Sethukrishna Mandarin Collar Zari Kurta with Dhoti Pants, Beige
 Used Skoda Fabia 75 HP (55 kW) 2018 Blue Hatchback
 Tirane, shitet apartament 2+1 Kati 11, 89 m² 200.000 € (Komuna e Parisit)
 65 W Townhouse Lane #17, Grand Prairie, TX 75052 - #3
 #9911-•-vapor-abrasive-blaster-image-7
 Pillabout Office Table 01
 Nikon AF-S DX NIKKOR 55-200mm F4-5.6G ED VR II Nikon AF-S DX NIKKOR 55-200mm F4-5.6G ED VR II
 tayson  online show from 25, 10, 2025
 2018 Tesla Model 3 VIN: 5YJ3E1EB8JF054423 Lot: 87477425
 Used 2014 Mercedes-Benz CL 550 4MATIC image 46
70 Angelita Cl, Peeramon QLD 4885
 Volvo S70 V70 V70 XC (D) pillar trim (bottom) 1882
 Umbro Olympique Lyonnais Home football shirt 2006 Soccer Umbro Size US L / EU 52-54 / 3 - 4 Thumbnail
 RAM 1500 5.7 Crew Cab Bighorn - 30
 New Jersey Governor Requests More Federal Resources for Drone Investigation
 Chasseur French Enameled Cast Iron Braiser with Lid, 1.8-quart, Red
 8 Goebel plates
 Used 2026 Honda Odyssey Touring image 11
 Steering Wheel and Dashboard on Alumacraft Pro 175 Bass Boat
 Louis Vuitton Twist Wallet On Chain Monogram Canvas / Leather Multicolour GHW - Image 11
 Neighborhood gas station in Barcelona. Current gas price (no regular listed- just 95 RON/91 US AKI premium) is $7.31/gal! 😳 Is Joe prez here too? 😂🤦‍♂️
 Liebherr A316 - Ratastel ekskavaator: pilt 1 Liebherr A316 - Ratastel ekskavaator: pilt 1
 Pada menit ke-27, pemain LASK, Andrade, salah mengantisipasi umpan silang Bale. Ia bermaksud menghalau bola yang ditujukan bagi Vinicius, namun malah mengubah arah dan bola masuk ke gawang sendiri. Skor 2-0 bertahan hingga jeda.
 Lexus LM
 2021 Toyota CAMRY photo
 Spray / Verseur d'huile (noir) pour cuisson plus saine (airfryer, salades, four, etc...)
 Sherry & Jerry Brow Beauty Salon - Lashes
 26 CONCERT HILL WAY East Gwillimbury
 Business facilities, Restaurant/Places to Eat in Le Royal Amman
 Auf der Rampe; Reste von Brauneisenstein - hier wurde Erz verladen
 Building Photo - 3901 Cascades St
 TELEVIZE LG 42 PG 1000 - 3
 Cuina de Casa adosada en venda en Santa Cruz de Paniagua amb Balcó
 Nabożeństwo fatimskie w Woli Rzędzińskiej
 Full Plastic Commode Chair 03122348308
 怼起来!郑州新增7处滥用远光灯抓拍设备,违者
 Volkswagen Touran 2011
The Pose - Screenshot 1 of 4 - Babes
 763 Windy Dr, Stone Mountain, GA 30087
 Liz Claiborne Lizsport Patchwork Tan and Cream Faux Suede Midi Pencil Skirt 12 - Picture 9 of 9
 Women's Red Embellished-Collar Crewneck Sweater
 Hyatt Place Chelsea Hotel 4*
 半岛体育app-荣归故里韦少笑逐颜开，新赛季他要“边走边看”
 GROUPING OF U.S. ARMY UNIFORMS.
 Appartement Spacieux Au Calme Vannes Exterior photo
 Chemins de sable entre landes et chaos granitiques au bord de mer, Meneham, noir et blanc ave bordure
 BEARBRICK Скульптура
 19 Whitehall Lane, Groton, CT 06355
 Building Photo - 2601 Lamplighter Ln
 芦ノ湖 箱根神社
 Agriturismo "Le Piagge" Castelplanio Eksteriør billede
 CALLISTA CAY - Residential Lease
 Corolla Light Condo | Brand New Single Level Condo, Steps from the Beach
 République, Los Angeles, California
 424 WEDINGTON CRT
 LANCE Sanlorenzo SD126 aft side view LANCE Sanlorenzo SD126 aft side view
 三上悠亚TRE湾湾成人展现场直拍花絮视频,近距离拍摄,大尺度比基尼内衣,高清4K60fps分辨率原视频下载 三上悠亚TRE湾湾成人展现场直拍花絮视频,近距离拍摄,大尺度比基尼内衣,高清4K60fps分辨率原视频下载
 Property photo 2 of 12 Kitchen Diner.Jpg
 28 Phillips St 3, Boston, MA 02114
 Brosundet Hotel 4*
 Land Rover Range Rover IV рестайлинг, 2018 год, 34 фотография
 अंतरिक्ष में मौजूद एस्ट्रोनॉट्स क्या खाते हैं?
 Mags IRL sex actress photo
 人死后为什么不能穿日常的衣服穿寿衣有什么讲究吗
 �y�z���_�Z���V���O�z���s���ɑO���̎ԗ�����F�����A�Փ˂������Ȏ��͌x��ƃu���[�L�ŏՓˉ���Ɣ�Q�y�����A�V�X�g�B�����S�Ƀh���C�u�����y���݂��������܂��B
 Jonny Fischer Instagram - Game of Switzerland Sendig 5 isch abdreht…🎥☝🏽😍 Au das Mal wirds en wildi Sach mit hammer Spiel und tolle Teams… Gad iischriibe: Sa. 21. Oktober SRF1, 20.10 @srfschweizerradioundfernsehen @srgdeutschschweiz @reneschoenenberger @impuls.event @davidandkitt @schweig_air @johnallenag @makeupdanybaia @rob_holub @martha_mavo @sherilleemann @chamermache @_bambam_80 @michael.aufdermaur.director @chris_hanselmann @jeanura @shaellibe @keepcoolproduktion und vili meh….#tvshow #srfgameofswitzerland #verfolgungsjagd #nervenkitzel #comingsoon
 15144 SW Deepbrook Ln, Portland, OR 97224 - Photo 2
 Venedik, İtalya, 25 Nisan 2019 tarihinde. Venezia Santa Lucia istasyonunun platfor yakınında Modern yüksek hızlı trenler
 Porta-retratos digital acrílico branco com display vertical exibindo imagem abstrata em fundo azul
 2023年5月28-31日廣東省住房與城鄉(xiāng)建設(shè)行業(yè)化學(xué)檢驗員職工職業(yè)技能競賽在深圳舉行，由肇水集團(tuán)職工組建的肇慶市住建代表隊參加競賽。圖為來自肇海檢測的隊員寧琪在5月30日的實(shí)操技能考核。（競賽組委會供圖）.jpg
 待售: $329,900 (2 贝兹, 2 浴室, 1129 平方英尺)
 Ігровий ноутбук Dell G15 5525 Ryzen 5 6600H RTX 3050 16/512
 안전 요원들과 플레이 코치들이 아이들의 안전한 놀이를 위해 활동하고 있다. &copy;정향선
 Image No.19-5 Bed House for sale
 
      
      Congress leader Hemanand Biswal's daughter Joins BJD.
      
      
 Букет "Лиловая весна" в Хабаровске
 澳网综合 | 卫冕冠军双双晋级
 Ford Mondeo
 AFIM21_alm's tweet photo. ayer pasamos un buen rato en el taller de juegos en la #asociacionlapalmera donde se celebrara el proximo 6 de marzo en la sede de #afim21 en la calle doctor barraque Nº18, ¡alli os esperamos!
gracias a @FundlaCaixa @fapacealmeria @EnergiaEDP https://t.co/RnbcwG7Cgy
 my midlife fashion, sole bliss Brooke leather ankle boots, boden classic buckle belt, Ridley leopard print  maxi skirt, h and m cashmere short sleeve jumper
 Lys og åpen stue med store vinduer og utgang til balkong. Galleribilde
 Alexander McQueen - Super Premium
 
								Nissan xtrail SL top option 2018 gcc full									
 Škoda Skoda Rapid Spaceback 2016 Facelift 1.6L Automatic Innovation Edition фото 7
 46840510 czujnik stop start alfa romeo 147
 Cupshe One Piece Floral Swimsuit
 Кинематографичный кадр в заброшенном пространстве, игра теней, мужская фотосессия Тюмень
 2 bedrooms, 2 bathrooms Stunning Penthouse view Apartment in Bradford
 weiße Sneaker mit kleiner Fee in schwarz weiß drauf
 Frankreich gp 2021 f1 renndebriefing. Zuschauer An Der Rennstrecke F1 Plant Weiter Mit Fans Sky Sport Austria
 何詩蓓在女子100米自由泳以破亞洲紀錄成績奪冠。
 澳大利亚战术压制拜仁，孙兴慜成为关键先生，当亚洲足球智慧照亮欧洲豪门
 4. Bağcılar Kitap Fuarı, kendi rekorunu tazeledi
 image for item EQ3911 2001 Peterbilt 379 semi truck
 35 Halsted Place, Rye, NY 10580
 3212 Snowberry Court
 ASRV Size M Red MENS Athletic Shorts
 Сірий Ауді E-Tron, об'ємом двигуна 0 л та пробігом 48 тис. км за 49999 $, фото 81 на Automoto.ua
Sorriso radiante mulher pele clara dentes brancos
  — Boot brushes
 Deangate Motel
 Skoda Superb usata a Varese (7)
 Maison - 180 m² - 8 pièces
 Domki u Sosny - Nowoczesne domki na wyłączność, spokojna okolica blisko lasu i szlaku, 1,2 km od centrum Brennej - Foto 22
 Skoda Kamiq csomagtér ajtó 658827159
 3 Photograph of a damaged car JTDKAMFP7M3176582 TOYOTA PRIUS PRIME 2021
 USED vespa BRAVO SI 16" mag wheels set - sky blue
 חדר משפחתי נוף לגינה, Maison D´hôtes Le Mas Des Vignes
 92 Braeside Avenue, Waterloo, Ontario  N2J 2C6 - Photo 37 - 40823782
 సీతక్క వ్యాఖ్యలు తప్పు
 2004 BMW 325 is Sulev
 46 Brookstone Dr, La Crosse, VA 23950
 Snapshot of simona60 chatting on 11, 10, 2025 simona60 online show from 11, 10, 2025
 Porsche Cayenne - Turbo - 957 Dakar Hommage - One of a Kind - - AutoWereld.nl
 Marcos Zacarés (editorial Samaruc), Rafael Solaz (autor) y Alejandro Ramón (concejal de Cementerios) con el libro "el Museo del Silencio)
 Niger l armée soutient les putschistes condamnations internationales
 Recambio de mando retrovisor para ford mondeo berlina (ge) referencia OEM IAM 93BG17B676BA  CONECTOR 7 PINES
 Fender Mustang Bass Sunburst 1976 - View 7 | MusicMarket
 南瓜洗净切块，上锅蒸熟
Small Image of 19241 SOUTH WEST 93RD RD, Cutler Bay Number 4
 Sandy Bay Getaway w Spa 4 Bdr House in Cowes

· · · · · · ·

* ASSIGNED TASK *
Given the records above, return exactly the lines starting at the line containing "Snapshot of simona60" and ending at the line containing "Niger l armée", including both.

* OUTPUT OF THE TASK *
 Snapshot of simona60 chatting on 11, 10, 2025 simona60 online show from 11, 10, 2025
 Porsche Cayenne - Turbo - 957 Dakar Hommage - One of a Kind - - AutoWereld.nl
 Marcos Zacarés (editorial Samaruc), Rafael Solaz (autor) y Alejandro Ramón (concejal de Cementerios) con el libro "el Museo del Silencio)
 Niger l armée soutient les putschistes condamnations internationales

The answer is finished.